── Data for this exercise
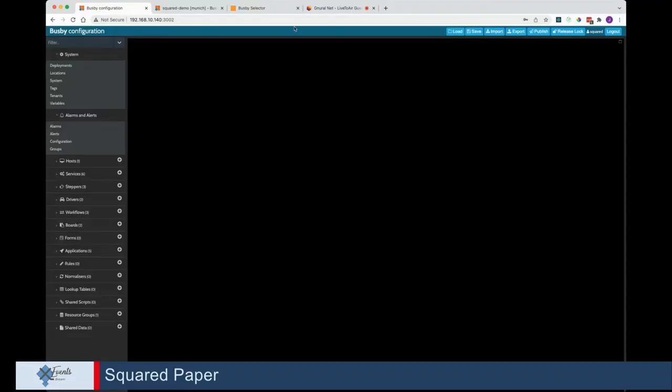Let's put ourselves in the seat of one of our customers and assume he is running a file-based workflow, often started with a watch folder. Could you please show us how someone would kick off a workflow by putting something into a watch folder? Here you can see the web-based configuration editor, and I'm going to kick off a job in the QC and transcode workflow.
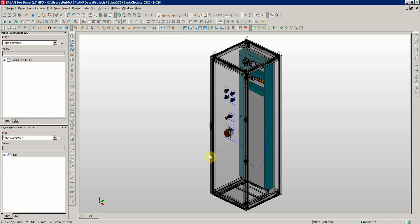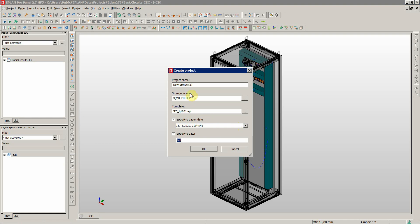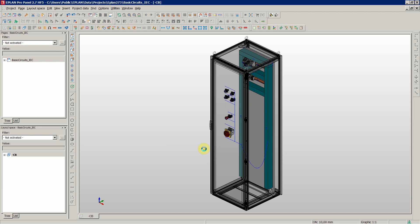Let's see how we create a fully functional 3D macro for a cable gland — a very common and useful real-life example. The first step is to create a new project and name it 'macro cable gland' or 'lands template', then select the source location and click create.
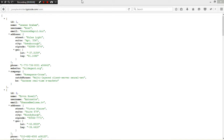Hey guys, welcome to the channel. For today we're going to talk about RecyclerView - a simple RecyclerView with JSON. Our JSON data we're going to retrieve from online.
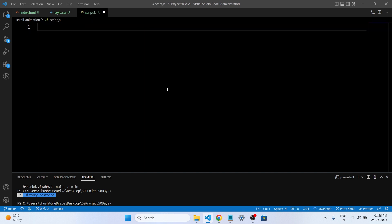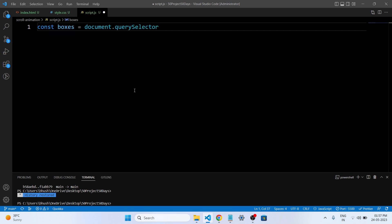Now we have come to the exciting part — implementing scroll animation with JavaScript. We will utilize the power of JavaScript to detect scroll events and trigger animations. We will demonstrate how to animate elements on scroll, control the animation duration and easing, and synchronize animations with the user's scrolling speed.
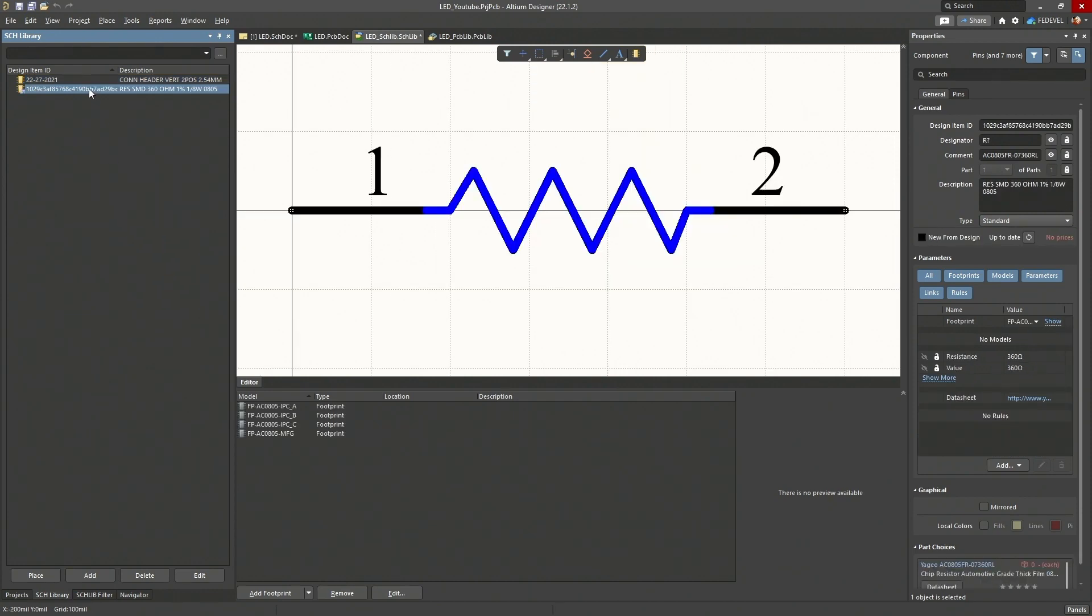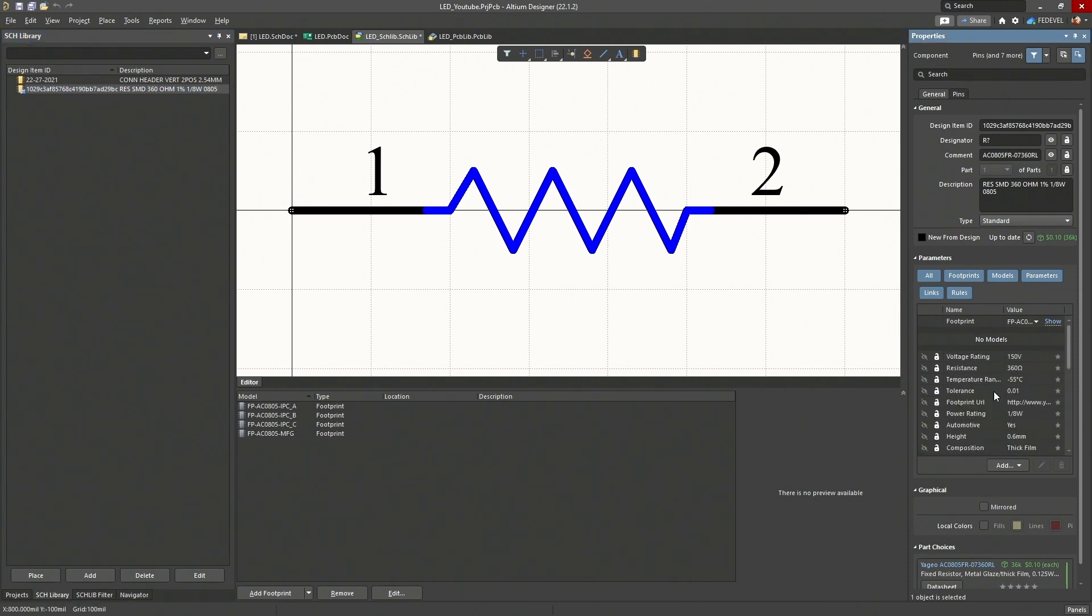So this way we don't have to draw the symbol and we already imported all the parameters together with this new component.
────
▸ Work to be completed
Output the line that contains "Hey guys, welcome" and every subsequent line through the end of the entries, exactly as given, without pictures.

▸ Reply
Hey guys, welcome to the channel. For today we're going to talk about RecyclerView - a simple RecyclerView with JSON. Our JSON data we're going to retrieve from online.
Now we have come to the exciting part — implementing scroll animation with JavaScript. We will utilize the power of JavaScript to detect scroll events and trigger animations. We will demonstrate how to animate elements on scroll, control the animation duration and easing, and synchronize animations with the user's scrolling speed.
So this way we don't have to draw the symbol and we already imported all the parameters together with this new component.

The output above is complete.